Topology of boundaries of hyperbolic groups For many examples of word-hyperbolic groups which I have seen in the context of low-dimensional topology, the ideal boundary is either homeomorphic to a n-sphere for some n or a Cantor set. So, I was wondering if this is generally true or there are some examples of hyperbolic groups whose boundaries are neither a sphere of some dimension nor a Cantor set. If there exist such examples, is there any known topological classification of boundaries of hyperbolic groups? 
 A: There are plenty of other possibilities. Here are a few examples:


*

*The boundary of the fundamental group of an acylindrical hyperbolic 3-manifold with totally geodesic boundary is homeomorphic to a Sierpinski carpet. (This appears in the Kapovich and Kleiner paper mentioned below, but must be standard---the point is the topological fact that any planar continuum with no local cut points is homeomorphic to a Sierpinski carpet.  Indeed, they prove a converse result, modulo the Cannon Conjecture.)

*The boundary of a random group is homeomorphic to a Menger sponge (Dahmani--Guirardel--Przytycki).

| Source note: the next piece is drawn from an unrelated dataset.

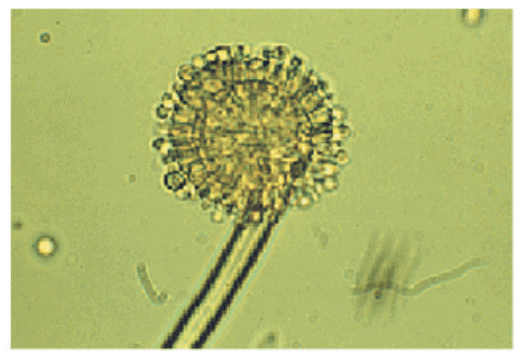 Revision Notes: Biological Classification | Biology Class 11 - NEET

*Bowditch proved that cyclic splittings of $\Gamma$ correspond to local cut points on the boundary.  In particular, the boundary of a graph of free groups with cyclic edge groups can be decomposed along cut pairs into Cantor sets.
The classification of 1-dimensional Polish spaces implies that this is a complete list of boundaries of 2-dimensional hyperbolic groups, in the sense that if the boundary is connected with no local cut point (ie the group has no splitting over a virtually cyclic subgroup) then it must be a Sierpinski carpet or Menger sponge (Kapovich--Kleiner).
I imagine that a classification in higher dimensions is completely out of reach, though I'm no expert.  (Misha Kapovich is active on MO and can provide an authoritative answer.)
I'll add full references tomorrow.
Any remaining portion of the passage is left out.